However, despite the significant progress achieved in the aforementioned research, directly applying existing models to the scenario of UAV-based transmission-line inspection still faces severe tests posed by multiple coupled challenges: First, the computational power and endurance constraints of the inspection platform necessitate that the model must be extremely lightweight. Second, the vast scale variation of targets, ranging from large, close-range hanging objects to distant, pixel-sized floating debris, demands that the model possess exceptional multi-scale perception capabilities. Third, the background is extremely complex; targets are often highly confused with conductors, insulators, and mountainous backdrops, and frequently exhibit weak features such as semi-transparency and reflection. Existing improvement schemes predominantly focus on enhancing a single performance metric or involve simple module stacking, failing to construct a synergistic solution that simultaneously optimizes accuracy, speed, lightweight design, and robustness from a systems engineering perspective. This paper takes the most lightweight YOLOv8n as the baseline model and performs a systematic, modular, and synergistic improvement upon it. To address the three aforementioned major challenges, we introduce, respectively, EfficientNetV2, Slim-neck, the Efficient multi-scale attention (EMA), and the MPDIoU loss function, aiming to build an integrated lightweight detection model for transmission-line inspection that balances high accuracy and high efficiency.

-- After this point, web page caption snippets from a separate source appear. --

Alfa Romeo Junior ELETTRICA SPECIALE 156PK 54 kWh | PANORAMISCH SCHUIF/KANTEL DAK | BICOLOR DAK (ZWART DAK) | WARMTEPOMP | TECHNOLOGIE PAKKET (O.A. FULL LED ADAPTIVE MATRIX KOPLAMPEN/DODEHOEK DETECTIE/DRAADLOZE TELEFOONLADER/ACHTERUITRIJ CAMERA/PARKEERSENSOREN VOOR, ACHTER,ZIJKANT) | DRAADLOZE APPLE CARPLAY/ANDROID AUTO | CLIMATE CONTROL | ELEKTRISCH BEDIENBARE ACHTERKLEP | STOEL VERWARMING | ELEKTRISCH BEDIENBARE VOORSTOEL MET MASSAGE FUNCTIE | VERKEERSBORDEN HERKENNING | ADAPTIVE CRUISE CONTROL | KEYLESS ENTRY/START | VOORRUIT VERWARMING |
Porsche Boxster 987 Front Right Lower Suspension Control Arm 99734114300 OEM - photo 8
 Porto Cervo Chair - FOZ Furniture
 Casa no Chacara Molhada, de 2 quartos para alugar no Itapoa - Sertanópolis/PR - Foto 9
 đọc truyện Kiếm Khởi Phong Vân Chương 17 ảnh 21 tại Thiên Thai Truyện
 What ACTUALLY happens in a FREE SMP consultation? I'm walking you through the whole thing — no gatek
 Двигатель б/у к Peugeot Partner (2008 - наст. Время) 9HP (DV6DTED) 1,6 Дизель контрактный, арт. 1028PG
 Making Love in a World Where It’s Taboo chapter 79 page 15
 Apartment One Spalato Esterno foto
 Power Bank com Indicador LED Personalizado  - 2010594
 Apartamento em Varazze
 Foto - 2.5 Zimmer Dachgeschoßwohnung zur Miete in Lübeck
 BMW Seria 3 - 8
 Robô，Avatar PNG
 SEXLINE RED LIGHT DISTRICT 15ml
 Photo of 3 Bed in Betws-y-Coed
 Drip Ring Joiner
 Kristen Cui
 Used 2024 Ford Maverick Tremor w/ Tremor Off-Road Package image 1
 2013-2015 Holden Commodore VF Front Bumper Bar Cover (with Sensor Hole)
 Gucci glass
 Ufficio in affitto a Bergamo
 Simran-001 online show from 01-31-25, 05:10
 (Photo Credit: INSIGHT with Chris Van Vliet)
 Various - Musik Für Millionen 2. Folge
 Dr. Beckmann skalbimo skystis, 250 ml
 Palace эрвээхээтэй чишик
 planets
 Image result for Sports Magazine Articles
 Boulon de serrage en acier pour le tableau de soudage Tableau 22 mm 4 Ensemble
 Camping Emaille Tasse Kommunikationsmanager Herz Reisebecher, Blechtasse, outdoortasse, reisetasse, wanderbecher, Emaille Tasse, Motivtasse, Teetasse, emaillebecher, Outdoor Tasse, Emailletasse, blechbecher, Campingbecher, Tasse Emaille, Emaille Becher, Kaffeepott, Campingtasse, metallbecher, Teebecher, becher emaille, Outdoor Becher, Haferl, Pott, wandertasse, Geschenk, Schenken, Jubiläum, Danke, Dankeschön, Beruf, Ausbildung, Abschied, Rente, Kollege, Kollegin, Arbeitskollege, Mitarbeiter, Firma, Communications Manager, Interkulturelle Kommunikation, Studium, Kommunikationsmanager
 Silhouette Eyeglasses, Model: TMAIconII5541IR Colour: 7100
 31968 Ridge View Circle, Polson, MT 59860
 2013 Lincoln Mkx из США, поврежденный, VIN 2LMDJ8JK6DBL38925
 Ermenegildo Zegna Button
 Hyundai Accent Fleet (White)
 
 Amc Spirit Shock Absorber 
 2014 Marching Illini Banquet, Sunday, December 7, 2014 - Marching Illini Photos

Building on the above findings, this study is proposed. The specific research contributions include:

(1)

The original YOLOv8 backbone network is substituted with EfficientNetV2 to better balance detection precision and model efficiency.

(2)

Slim-neck is embedded into the YOLOv8 neck to facilitate cross-layer feature interaction and strengthen feature representation, resulting in better performance on small object detection.

(3)

By introducing the EMA after the output of the Slim-neck module, the multi-scale object detection capability is enhanced, the computational cost is reduced, and the robustness of feature representation is strengthened.

(4)

MPDIoU is adopted in place of the default loss function to further refine localization precision for target regions.

2. YOLOv8 Algorithm

The YOLO framework directly predicts bounding box coordinates and class probabilities through single-stage forward propagation, achieving efficient end-to-end object detection with distinct advantages over other algorithms. It utilizes a convolutional network to extract multi-scale features and employs a grid partitioning strategy to accomplish target localization. Since its initial release in 2015, the YOLO family of algorithms has been extensively used for single-stage object detection [19]. Among them, YOLOv8, introduced by Ultralytics in 2023, offers faster detection speed and higher detection precision compared to earlier versions in the YOLO series such as v3, v5, and v7. YOLOv8 is available in multiple scales, including YOLOv8n, YOLOv8s, YOLOv8m, YOLOv8l, and YOLOv8x. The differences among these versions primarily lie in model complexity, specifically in terms of network depth and parameter count. As the number of residual modules increases progressively, the models gain stronger feature extraction and fusion capabilities, and detection precision improves accordingly, but at the cost of extended processing time [20]. Among the five versions, YOLOv8n stands out as the most lightweight version with exceptional detection speed, yet its precision is relatively lower. In contrast, the series from YOLOv8s to YOLOv8x shows significant improvements in precision, but the excessive residual structures introduce additional computational burden, leading to prolonged detection cycles. In scenarios with real-time detection requirements, this time delay may pose disadvantages, affecting the response efficiency and practicality of the system. In light of this, this study targets YOLOv8n for specific optimization and proposes a detection algorithm that balances both speed and precision.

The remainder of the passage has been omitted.